Return all the data exactly, keeping the pictures out.
Segment Start: Data for this task
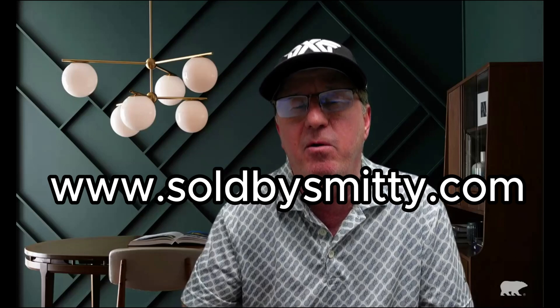Don't forget to take a look at our website, www.soldbysmitty.com — you can search for Scottsdale properties, Phoenix properties, Paradise Valley properties, and 55-plus communities. We have it all in tabs on our website. Thanks for watching today. Please hit the subscribe button, the like button, or share this video with your friends. Don't forget to check out our social media too — on Facebook we put out a lot of good blog articles. Have a great day.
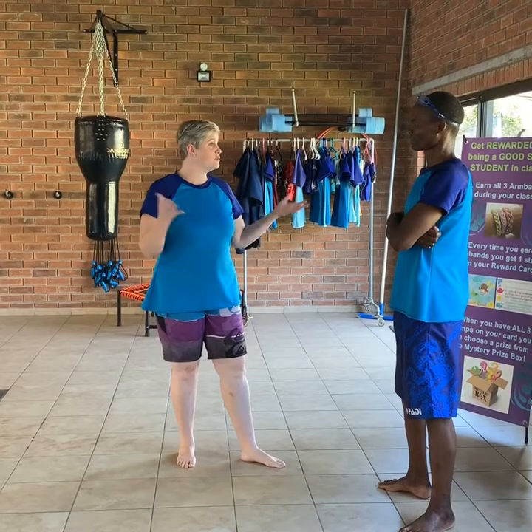Okay, hi Israel, welcome. You are a brand new adult and you want to learn to swim, is that right?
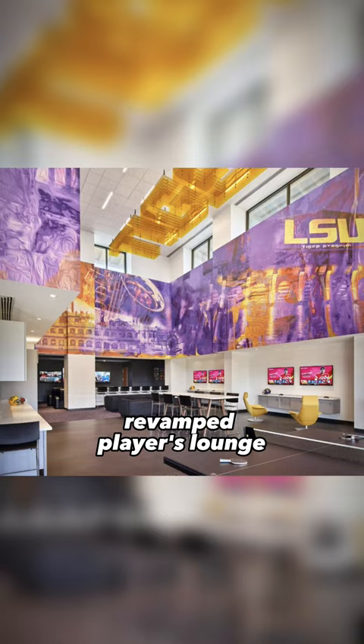Another feature is the Revamp Players Lounge, named after Tyron Matthew, who made a $1 million donation to help fund this. The idea behind these renovations was to create a space for players to never leave if they don't want to.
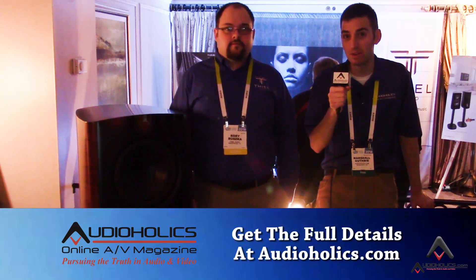Hello Audioholics, we are back at CES 2016. I'm here with Rory Bushka from Teal Audio, and we are going to be taking a look at what appears to be quite the monster sub. Rory, give us the rundown on this.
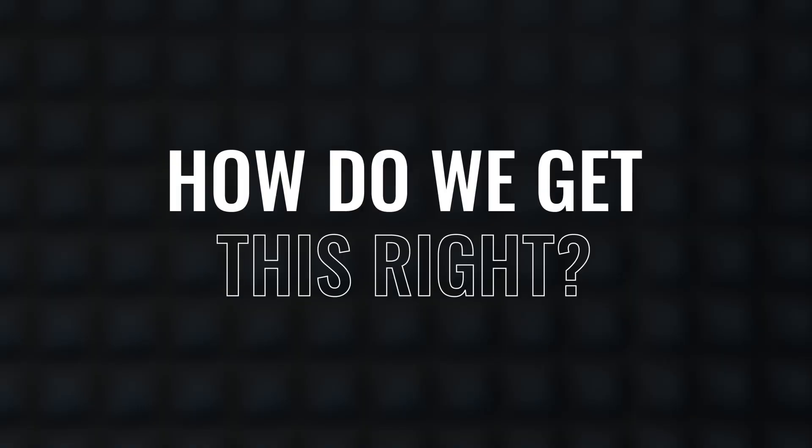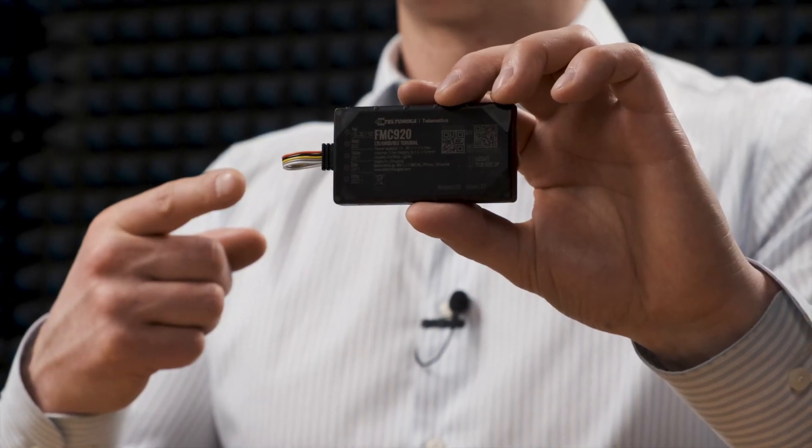So how do we get this right? As an example, we take one of our best-selling models, the vehicle GPS tracker Teltonika FMC 920. Thanks to the integrated Teltonika jamming scenario, it can help prevent theft. If GSM signal jamming is detected, the relay can initiate one of the following actions.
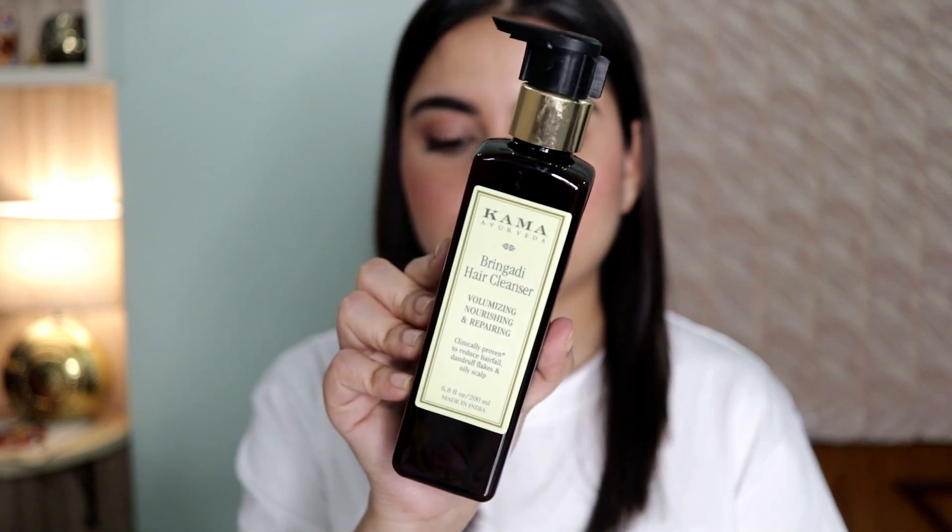Hi everyone, I hope you all are safe and doing great. Welcome back to my channel. Today I'll be reviewing the Kama Ayurveda Bringadi Hair Cleanser.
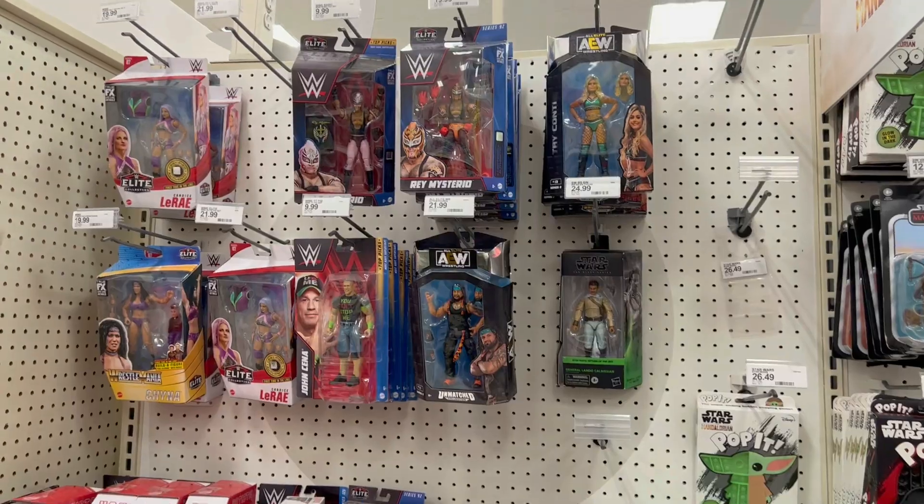Alright, starting off with a big old bust - that Target sucked, gotta be one of the worst we've ever shown here on the channel. Nothing. They did have some Batista Ultimate Edition figures, which is funny because everyone was looking for those for months, then everyone got them, and now they're just flooding Targets. Hitting another Target now, hopefully we find these new Legends figures. East coast is always the last place to get everything, so I know to be patient with Legends figures because eventually they're going to show up.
Segment End: Data for this task
*Output below*.
Don't forget to take a look at our website, www.soldbysmitty.com — you can search for Scottsdale properties, Phoenix properties, Paradise Valley properties, and 55-plus communities. We have it all in tabs on our website. Thanks for watching today. Please hit the subscribe button, the like button, or share this video with your friends. Don't forget to check out our social media too — on Facebook we put out a lot of good blog articles. Have a great day.
Okay, hi Israel, welcome. You are a brand new adult and you want to learn to swim, is that right?
Another feature is the Revamp Players Lounge, named after Tyron Matthew, who made a $1 million donation to help fund this. The idea behind these renovations was to create a space for players to never leave if they don't want to.
Hello Audioholics, we are back at CES 2016. I'm here with Rory Bushka from Teal Audio, and we are going to be taking a look at what appears to be quite the monster sub. Rory, give us the rundown on this.
So how do we get this right? As an example, we take one of our best-selling models, the vehicle GPS tracker Teltonika FMC 920. Thanks to the integrated Teltonika jamming scenario, it can help prevent theft. If GSM signal jamming is detected, the relay can initiate one of the following actions.
Hi everyone, I hope you all are safe and doing great. Welcome back to my channel. Today I'll be reviewing the Kama Ayurveda Bringadi Hair Cleanser.
Alright, starting off with a big old bust - that Target sucked, gotta be one of the worst we've ever shown here on the channel. Nothing. They did have some Batista Ultimate Edition figures, which is funny because everyone was looking for those for months, then everyone got them, and now they're just flooding Targets. Hitting another Target now, hopefully we find these new Legends figures. East coast is always the last place to get everything, so I know to be patient with Legends figures because eventually they're going to show up.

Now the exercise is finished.